> Aim of the task: Lines from the one with "怎么查自己是什么星座阴历(快速了解自己的生肖和星座)" up to and including the one with "Temperature profile in the Sun" are to be copied exactly from the records below, without their pictures.

> Data to use:

»»

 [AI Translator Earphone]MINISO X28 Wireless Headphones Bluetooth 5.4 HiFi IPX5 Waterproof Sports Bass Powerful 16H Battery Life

««
»»

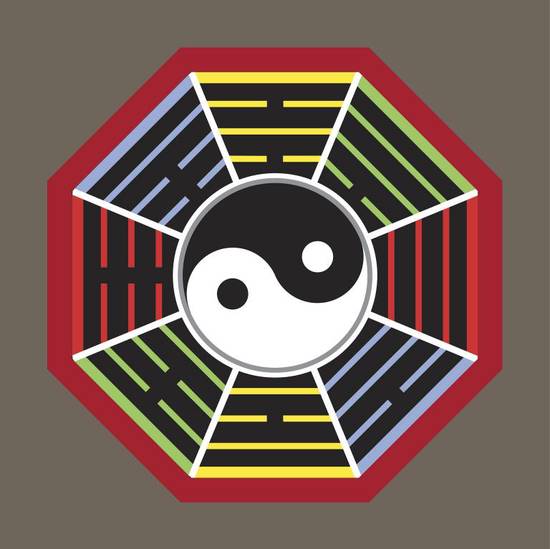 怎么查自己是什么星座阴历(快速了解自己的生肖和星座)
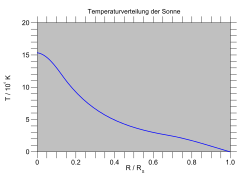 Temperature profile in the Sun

««
»»

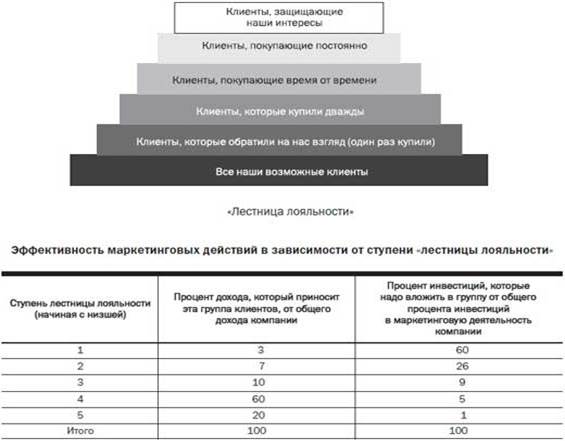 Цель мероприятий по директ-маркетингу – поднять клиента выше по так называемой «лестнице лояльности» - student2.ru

««

> Task answer:
 怎么查自己是什么星座阴历(快速了解自己的生肖和星座)
 Temperature profile in the Sun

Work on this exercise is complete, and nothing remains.